Task prompt —
Your output should be the lines below from the one with "a thread for" through the one with "Lux Modern Getaway", copied exactly, pictures excluded.

Records provided —

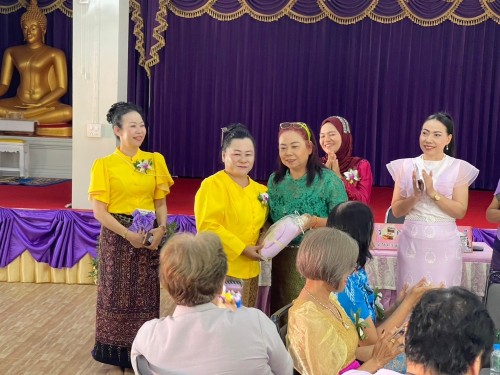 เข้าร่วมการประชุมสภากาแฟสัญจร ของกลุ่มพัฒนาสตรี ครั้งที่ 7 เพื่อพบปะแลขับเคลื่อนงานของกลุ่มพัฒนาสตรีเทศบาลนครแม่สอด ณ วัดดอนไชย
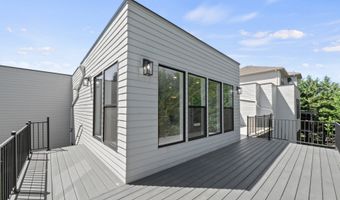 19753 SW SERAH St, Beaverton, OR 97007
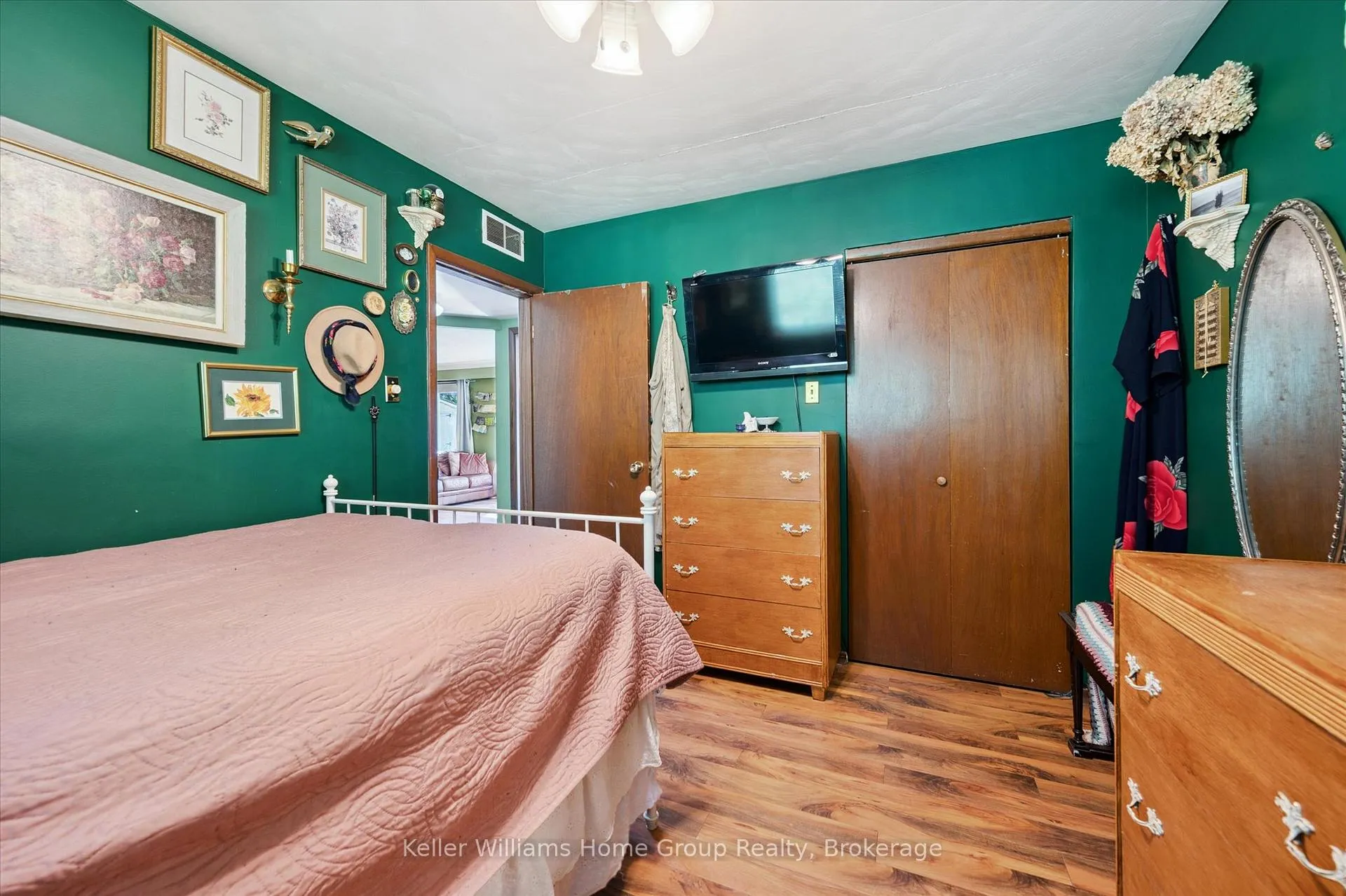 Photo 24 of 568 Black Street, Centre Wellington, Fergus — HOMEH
* * *
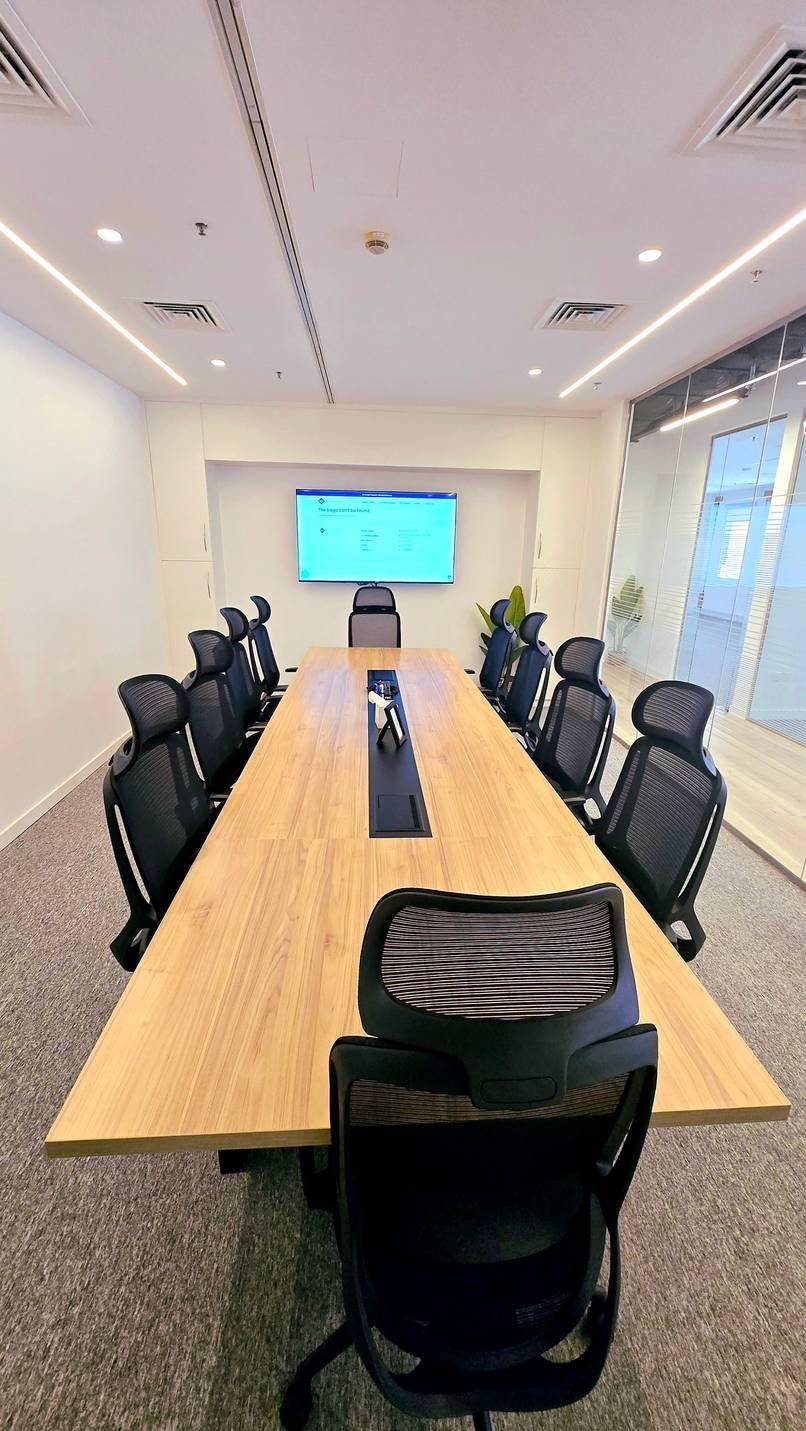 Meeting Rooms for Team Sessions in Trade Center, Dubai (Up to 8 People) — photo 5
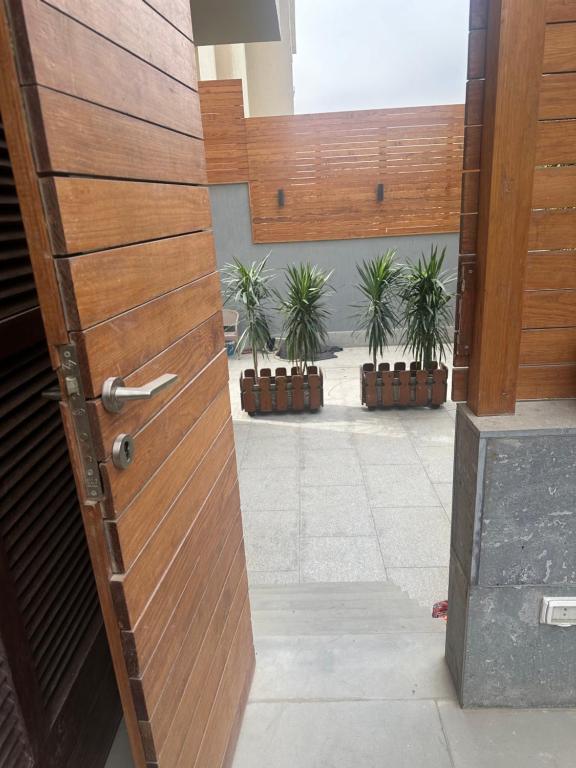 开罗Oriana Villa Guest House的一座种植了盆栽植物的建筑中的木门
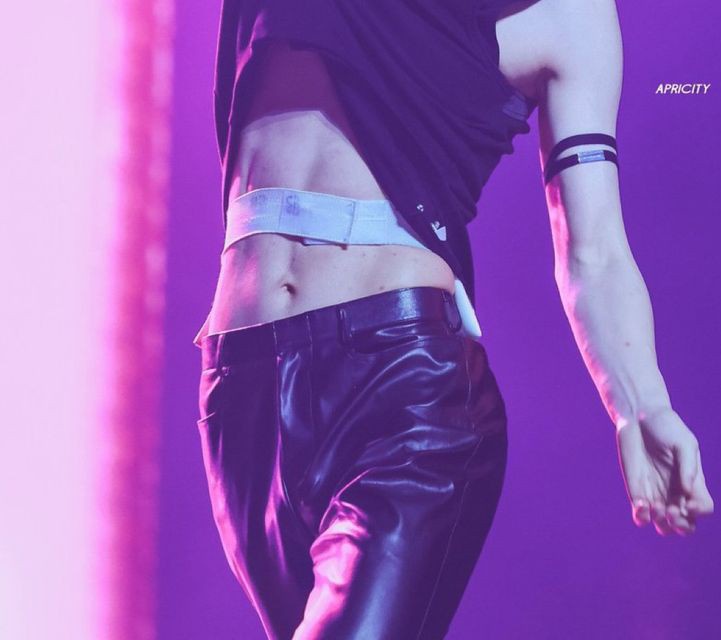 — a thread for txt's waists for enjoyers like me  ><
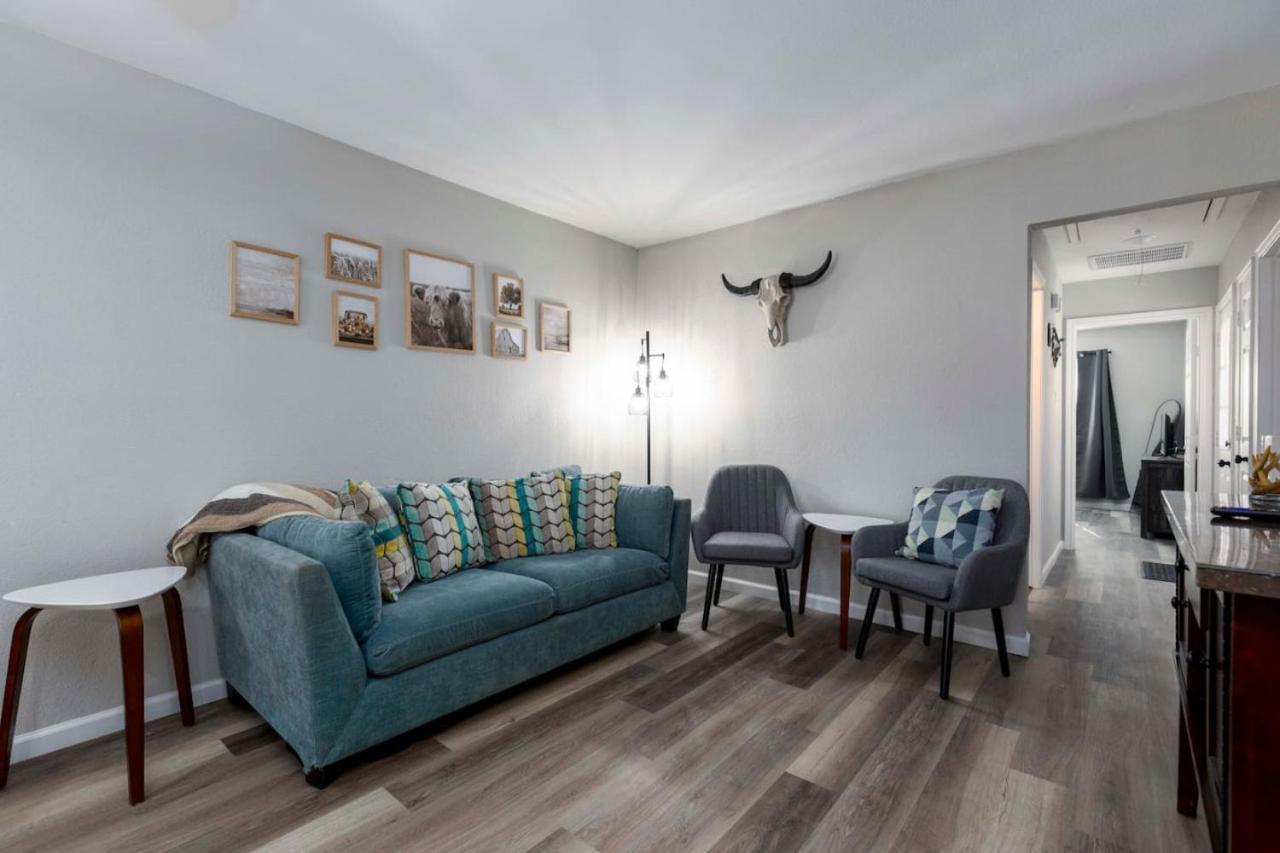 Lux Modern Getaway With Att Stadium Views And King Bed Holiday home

Problem solution —
 — a thread for txt's waists for enjoyers like me  ><
 Lux Modern Getaway With Att Stadium Views And King Bed Holiday home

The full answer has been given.